MAKING AN IMPACT…Investing in Student Mental Health and Well-Being

An important part of the mission of the Foundation for Vancouver Public Schools is to address the many challenges students face in the process of learning. A student’s overall health and well-being are critical to their performance in school. When it comes to mental health, students whose emotional needs are met are more likely to come to school prepared to learn, engage in school activities, and have positive interactions with their peers and school staff.

In December 2021, the U.S. Surgeon General issued an advisory calling attention to a national crisis of youth mental health and well-being. President Biden also called special attention to the youth mental health crisis during his State of the Union address in March. In February the Centers for Disease Control and Prevention reported that 42 percent of high school students surveyed in 2021 said they experienced persistent feelings of sadness or hopelessness during the past year. This is a 14 percent increase from 2019 and a 47 percent increase from 2011.

With most children spending nearly half of their waking hours in schools, staff and community-based partners are in a unique position to help meet students’ mental health needs through early identification, prevention, and application of interventions in a safe, supportive environment where youth already are.

Long before the Surgeon General’s call to action, Vancouver Public Schools had begun to initiate measures to help address student health and well-being. The Foundation for VPS supports the District’s efforts, providing funding for mental health and wellness, prevention, intervention, mentoring programs, and other supports. To help address these needs, the Foundation budgeted $69,000 for the 2022-23 school year, a 138% increase over the previous year’s budget.

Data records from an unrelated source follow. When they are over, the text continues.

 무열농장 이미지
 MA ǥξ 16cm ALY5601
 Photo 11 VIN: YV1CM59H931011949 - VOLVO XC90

Examples of services supported with Foundation for VPS funding:
• Funding to VPS Family and Community Resource (FCRC) staff to support student social-emotional health and resilience.
• Prevention/intervention funds at the secondary level that promote and support healthy behaviors.
• Support for two new VPS Mental Health and Wellness Coordinators serving three middle schools.
• Training and technical assistance for FCRC staff to better assist families facing complex trauma and crisis situations and support for School Mobilization and Response Teams (SMART) responding to students and families in crisis.
• Funds to help engage students participating in the District’s IMPACT Program, a collaborative program designed as an alternative to exclusionary programs that provides support and resources to help students gain the coping skills to address issues negatively impacting their access to education.
• Support to address student truancy.
• Funding for student engagement and attendance promotion.

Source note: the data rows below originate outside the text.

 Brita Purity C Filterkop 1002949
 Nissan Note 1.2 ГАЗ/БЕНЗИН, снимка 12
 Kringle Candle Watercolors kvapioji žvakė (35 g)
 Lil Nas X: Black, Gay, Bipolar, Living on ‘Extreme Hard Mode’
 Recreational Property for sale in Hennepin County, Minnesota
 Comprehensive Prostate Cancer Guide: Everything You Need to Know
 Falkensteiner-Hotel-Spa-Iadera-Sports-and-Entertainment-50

In addition to funds specifically dedicated toward health and well-being, each year the Foundation offers Engagement Grants to all VPS schools. Some schools used their grant funds last year to support social-emotional learning, resiliency tools, and incentives for positive behavior and attendance.

“Not all students come to school ready to learn. Many students experience complex forms of trauma that cause them to arrive at school dysregulated. Students cannot learn if they feel unsafe,” said Emma Forslund, Restorative Justice Coach at Discovery Middle School. Discovery used a Foundation grant to create “break spaces” in all of the classrooms to help students learn to regulate their emotions so they can get back to learning. Based on recommendations from students, items were purchased for each space that help with sensory processing, trauma awareness, emotional regulation, and de-escalation. “Discovery Middle School believes in being trauma informed which means providing ways for students to regulate themselves and feel safe in their learning environment,” said Forslund.

Minnehaha Elementary used an Engagement Grant to purchase books, activities, games, and manipulatives that can be used in a variety of ways to teach and practice social emotional skills. The books included topics such as managing emotions, working with peers, making mistakes, asking for help, positive self-talks, etc. Many of the items can be used for years to come. “Based on surveys and discussion with students, families, and staff, our school has a strong need to support students with social emotional learning,” said Jennifer Budde, Positive Behavioral Interventions and Supports/Intervention Specialist. “We want to make social emotional learning kid-friendly, engaging, and effective. Our goal is that students will actively participate in increasing their social emotional skills so they are better prepared to engage in school and manage peer relationships.”

Several schools have also used some of their allocated funds to purchase small incentive items that encourage positive behavior and recognize students who are consistently doing what they are asked to do. “These items help create a sense of belonging, build community, improve attendance, and create a positive culture and positivity among students,” said Gaiser Middle School principal, Esteban Delgadillo. In addition to incentives, items like sensory tools can help manage anxiety, improve attention, increase the ability to focus, and help develop gross motor skills.

The pandemic demonstrated the importance of supporting students beyond just academics. The Foundation for VPS invests hundreds of thousands of dollars each year on services and programs that support the whole child. Ensuring access to food, stable housing, and other basic needs helps a student focus on learning. Support for activities that connect families to their school community helps create a sense of belonging and connects them to resources. Providing access to positive adult mentors builds confidence and encourages personal development. When we come together as a community to support students by making sure all their needs are met, including their social and emotional health and well-being, we help them grow and reach their potential in and out of school.